Meanwhile, Shashi Tharoor, the parliamentarian from the project area, says that the interests of the local fishing community were taken into account based on a socio-economic impact assessment done along with an environment impact assessment study. "Remedial measures, both short-term and long-term, have been factored into the project in order to alleviate the hardships of the local fishermen," he says.
On the allegations of ecological damage, Tharoor says that the conditions laid down by the government’s green tribunal have all been adhered to in the implementation of the project.
The Comptroller and Auditor General (CAG) recently tabled a report in the Kerala Assembly stating that the Adani group will get undue profit from the port. According to CAG, at the end of 40 years from the commencement of the project, the Adani Group will walk away with Rs 29,217 crore as additional revenue.
Following the report, the Kerala government announced a judicial probe into the port agreement that was inked by the then Oommen Chandy-led Congress government with Adani Ports. The cabinet has appointed retired Justice CN Ramachandran as the head of a three-member probe panel to look into the agreement.
CP John who was a member of the state planning board when the deal was signed, says that unfortunately, the current government has failed to furnish proper details to CAG and this has led to allegations that Adani will get crores of undue benefits.

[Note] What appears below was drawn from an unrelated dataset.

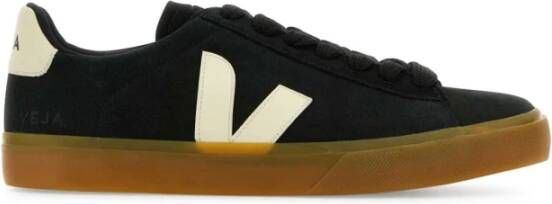 Veja Zwarte Suède Sneakers Black Heren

"Before signing the deal, the central and state planning commissions had verified the model thoroughly and they did not found anything wrong,” says John, adding that it's not the "last development bus", but it's an important bus that Kerala cannot miss. Even when Tharoor and John hope all parties will work together to make the project a reality, the fishermen differ and are 'pessimistic'.
"As we don’t know any other jobs, we are going to die due to hunger. We have lost our coast and we will lose more. Many fish species are (already) missing. Soon, the rest will also disappear," Raju said.
Even though a mail was sent to the state port authority on the issues raised by fishermen, ecologists and environmentalists, a response was not received.